* _Task to carry out_
In the copy you make, include no pictures, and transcribe every record exactly.

[Stored dataset items]
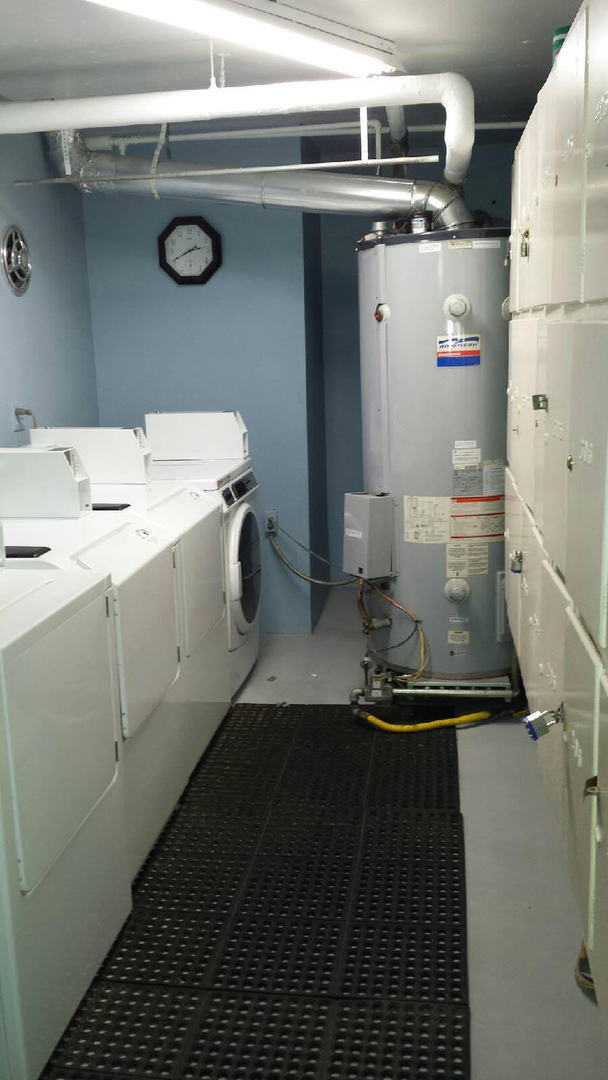 Building Photo - Available Soon! One Bedroom Steps From The Beach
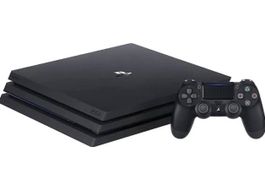 PS4 Pro 1TB + 2 DualShock Controller + Fifa 19 + GT Sport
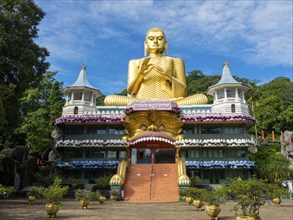 Seated Buddha, golden temple, Dambulla, Sri Lanka, Asia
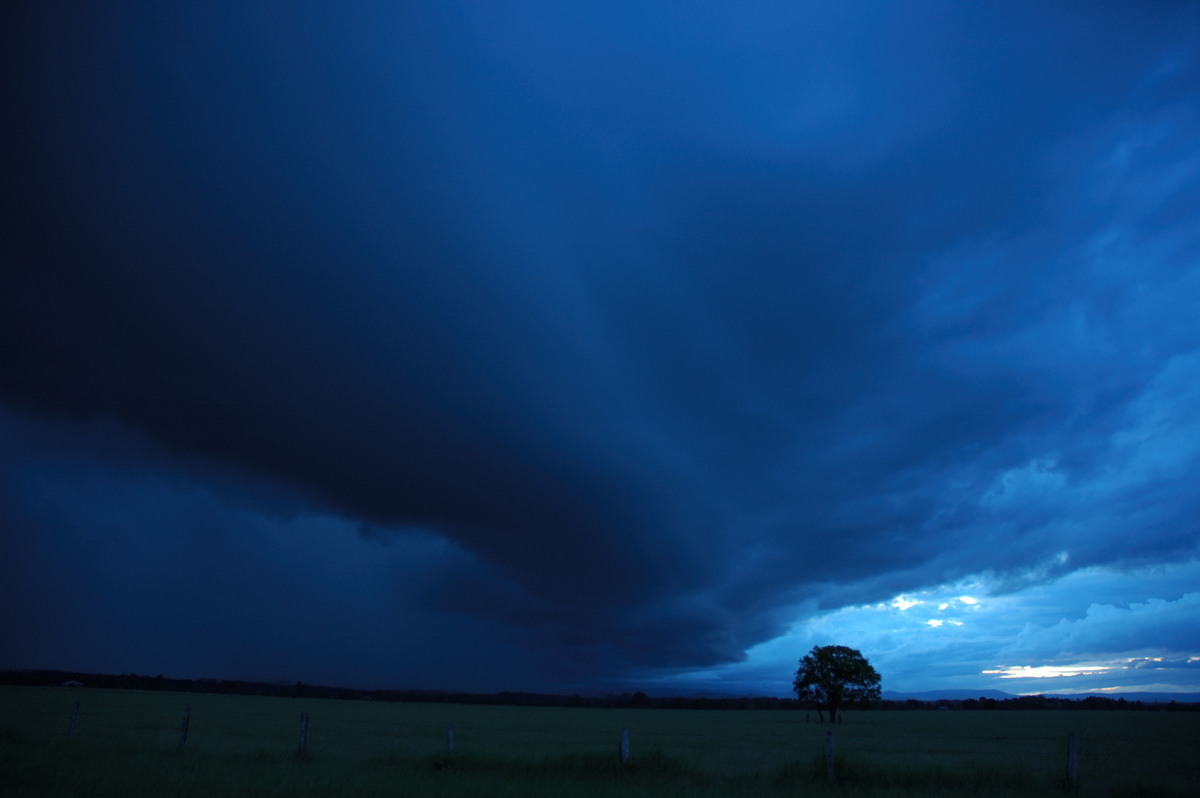 shelfcloud shelf_cloud : N of Casino, NSW   5 March 2007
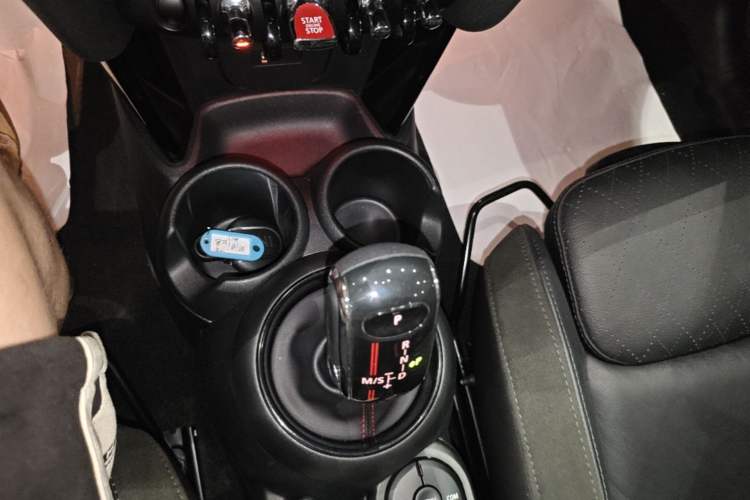 Used MINI 2019 2.0T COOPER S Classic Edition Gear Lever
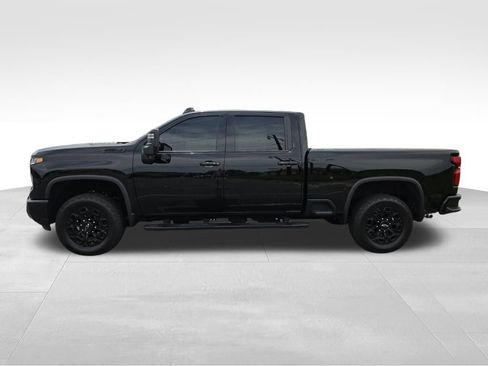 Used 2024 Chevrolet Silverado 2500 LTZ w/ LTZ Plus Package AWD/4WD image 12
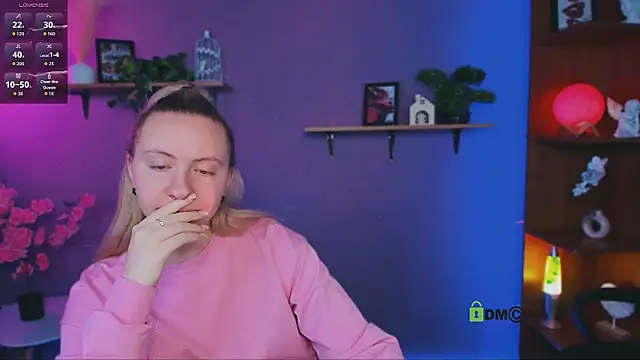 mila_glow1 webcam
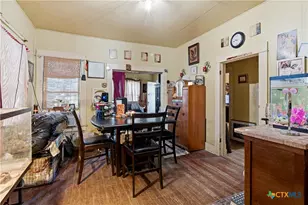 603 E Court St, Seguin, TX 78155 - Photo 11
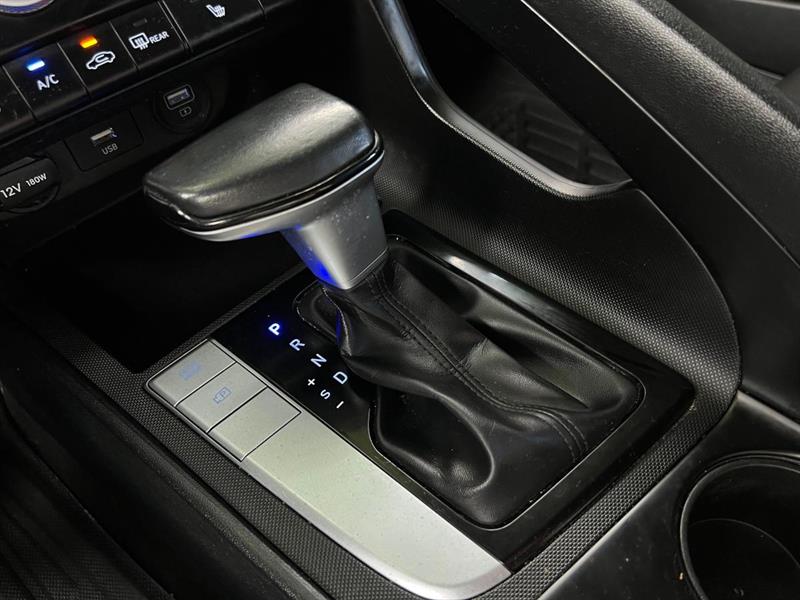 hyundai Elantra 2022 - 13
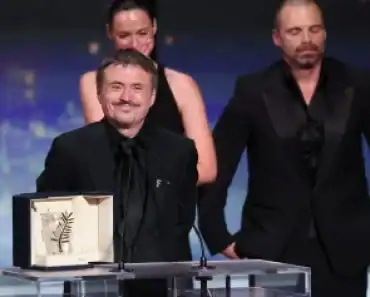 Succes românesc la Cannes: Filmul ‘Fjord’, regizat de Cristian Mungiu, a câştigat trofeul Palme d’Or Succes românesc la Cannes: Filmul ‘Fjord’, regizat de Cristian Mungiu, a câştigat trofeul Palme d’Or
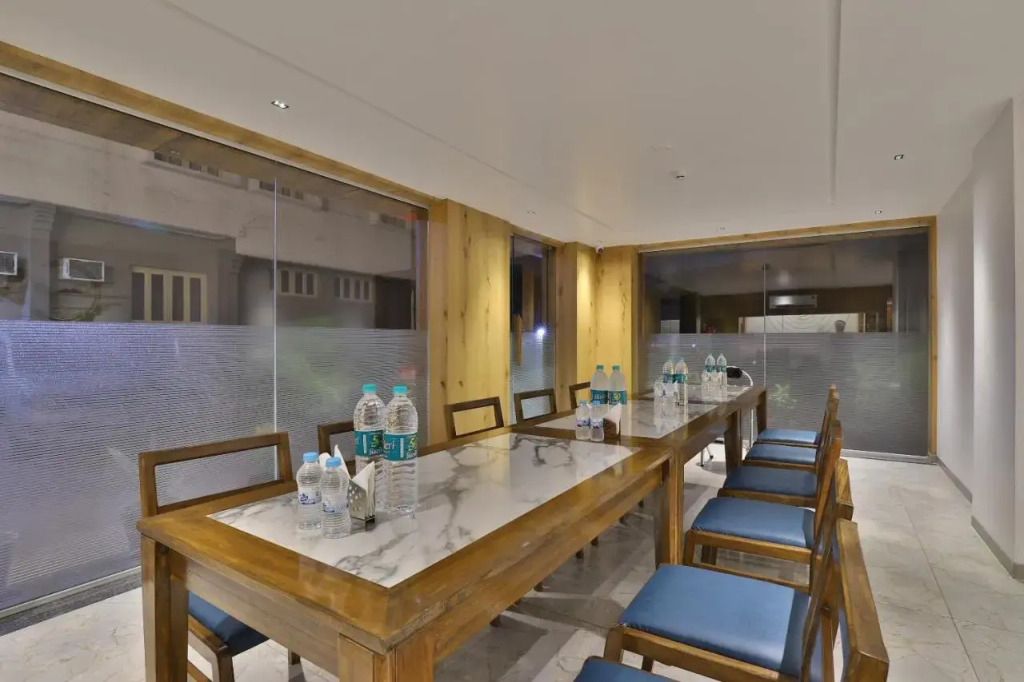 OYO Rooms Near Station Gulambaba Road 2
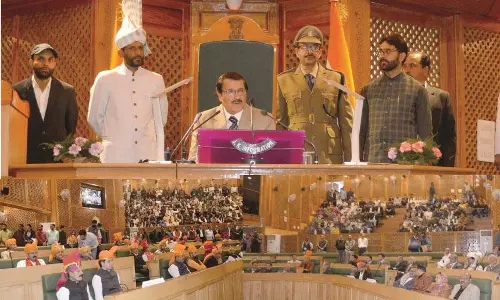 J&k विधानसभा के सदस्यों ने शपथ ली, छह साल का विधायी अंतराल समाप्त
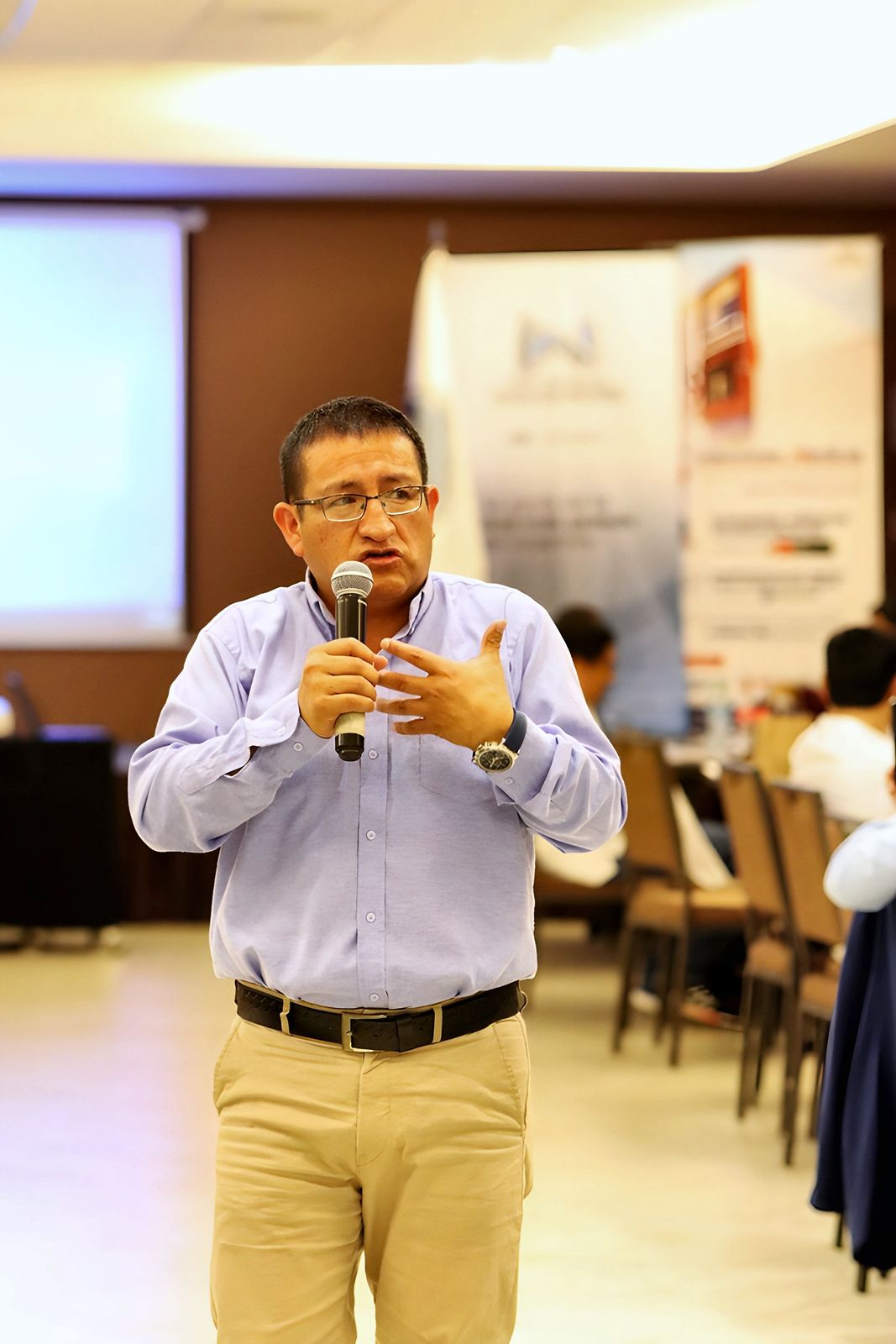 Manuel Huaripata expone en un evento de networking empresarial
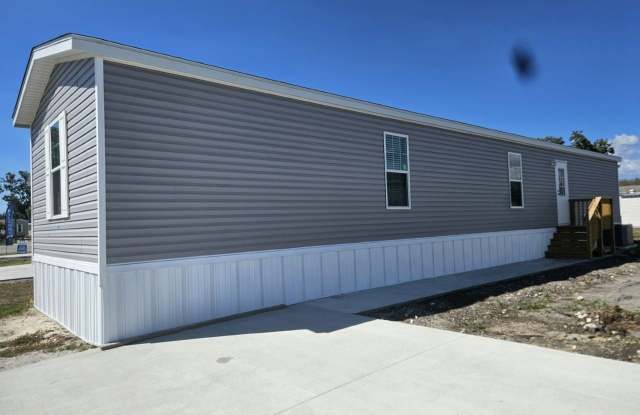 553 Suwanee Drive photos photos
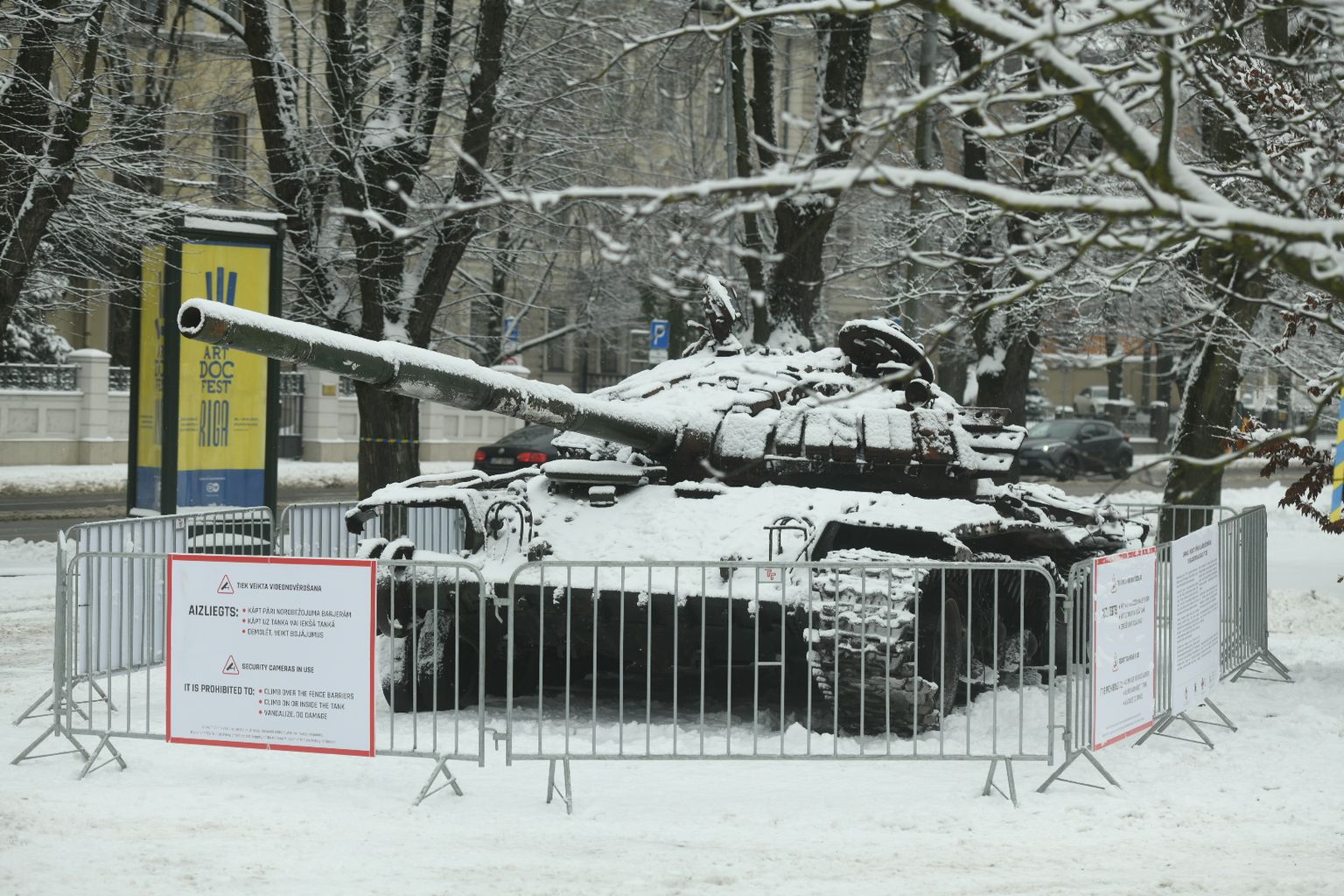 Уничтоженный российский танк у посольства РФ в Риге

* _Response to this exercise_
 Building Photo - Available Soon! One Bedroom Steps From The Beach
 PS4 Pro 1TB + 2 DualShock Controller + Fifa 19 + GT Sport
 Seated Buddha, golden temple, Dambulla, Sri Lanka, Asia
 shelfcloud shelf_cloud : N of Casino, NSW   5 March 2007
 Used MINI 2019 2.0T COOPER S Classic Edition Gear Lever
 Used 2024 Chevrolet Silverado 2500 LTZ w/ LTZ Plus Package AWD/4WD image 12
 mila_glow1 webcam
 603 E Court St, Seguin, TX 78155 - Photo 11
 hyundai Elantra 2022 - 13
 Succes românesc la Cannes: Filmul ‘Fjord’, regizat de Cristian Mungiu, a câştigat trofeul Palme d’Or Succes românesc la Cannes: Filmul ‘Fjord’, regizat de Cristian Mungiu, a câştigat trofeul Palme d’Or
 OYO Rooms Near Station Gulambaba Road 2
 J&k विधानसभा के सदस्यों ने शपथ ली, छह साल का विधायी अंतराल समाप्त
 Manuel Huaripata expone en un evento de networking empresarial
 553 Suwanee Drive photos photos
 Уничтоженный российский танк у посольства РФ в Риге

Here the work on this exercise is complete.